Greer drops a box of tissues on the step next to me, squeezes my shoulder, then disappears back inside. I grab one and then tip Ember’s chin up.
“What days do you have off work?” I ask as I clean up her face. Another thing I haven’t done since she was a child.
“Monday afternoons,” she says, and then sniffs.
I hand her another tissue to blow her nose, and wait until she’s finished.
My mind flips with ideas. “Monday afternoons. Every week. We’ll meet for lunch. You love books. So, find us one on how parents and adult kids have good relationships. We’ll read it together. Discuss it. I want to understand all of it. How I made you feel. Even if it’s hard.”
The watery smile tells me it was the right suggestion. “But won’t that be hard with your dyslexia?”
“The fix shouldn’t be easy. I’ve done too much damage to get away without having to do the hard work.”
“Listening to audiobooks still counts as reading,” she says. “You’d still be doing the work.”
Even in all her complex emotions, she’s still thinking of me. I’m fucking blessed.
“Thank you,” I say. “For all of it, Em. You’ve always been the best daughter. That won’t change just because I have more children. It’s time I was the best father you deserved too.”
29
GREER
“Greer, even by your standards, that’s a lot to take in,” Wade says when I call him a couple of days later.
I wrap the thick thermal shirt of Butcher’s that I found in the wardrobe tighter around me, as the wind blows through Butcher’s porch. Thank God for the evergreen trees, like the pines, otherwise, the view of the craggy mountains would be bleak.
Butcher’s been gone all morning, and I’ve been playing around with a few ideas. This town is underserved; so are the rural communities. But it’s not that long a drive into Denver. I wondered if I could set up a medical center close to here and have a mobile unit for evening outreach programs.
And then, I wondered when I’d made my mind up and shifted my whole world view to staying here with Butcher. The realization made me want some fresh air and my friend.
“I’m not sure I’ve fully taken it in either. It sounds hokey, and very unlike me, but we have a connection.”
Wade huffs. “The two of you are having a kid together. To say you have a connection is an understatement.”
I shake my head. “Funny. But you know what I mean. Even before he left, even before we knew there was a baby, the connection was there.”
“You know, I’ve never believed in the concept of finding your person because it implies there’s only one, and we all know there isn’t. There are hundreds, possibly thousands, of people you would have enough in common with to build a perfectly great life.”
“At my brother’s funeral, the priest said, ‘What if, when you die, before you enter heaven, God shows you the very best version of yourself you could have become if you’d made different choices?’ I don’t think it was aimed at me. I think it was a well-meaning message aimed at those who came to the funeral whose mortal souls the priest felt were at risk. And you know me. Even back then, my brain struggled with what he was saying. Defined on what criteria? The money you could have made? The number of children you could have had? The number of good deeds you did? Did you cure cancer and save lives? The variables seemed too wide and varied to determine what the best version of your life could have become. But let’s say it’s true. I wonder if that video reel will contain the best person you could have ended up with. Am I foolish for even considering that person is Butcher for me?” I ask, voicing the thing that woke me up in the early hours of this morning.
There’s a long pause. “Who am I to say? You’re there. You’re getting to know Nolan and his friends. Is it a little disconcerting that his road name is Butcher? Sure. I mean, you don’t get a name like that by knitting and playing mahjong with the old ladies at the community center.”
I chuckle at that. “The very idea of Nolan doing any of that is laughable.”
“Maybe. I’m not here for all the religious hokum. So, give me your pros and cons.”
“Really?”
“Really, Greer. Go. Give me five pros about Nolan.”

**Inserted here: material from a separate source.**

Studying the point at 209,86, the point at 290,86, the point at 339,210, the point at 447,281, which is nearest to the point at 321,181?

I smile as I think of him, which is a sure-fire clue I’m in trouble. “He’s naturally protective. He has this old-school gentlemanly way about him. I like the way we talk together. It’s funny. Not banter. Just witty and fast. He has good friends. He makes me laugh. He makes me feel safe. And he’s…”
I can’t believe I was about to tell Wade how my views on sex and the role of it in a relationship are evolving.
“He makes me feel…things.”
Wade laughs. “Were you about to tell me he railed you good, Hansen?”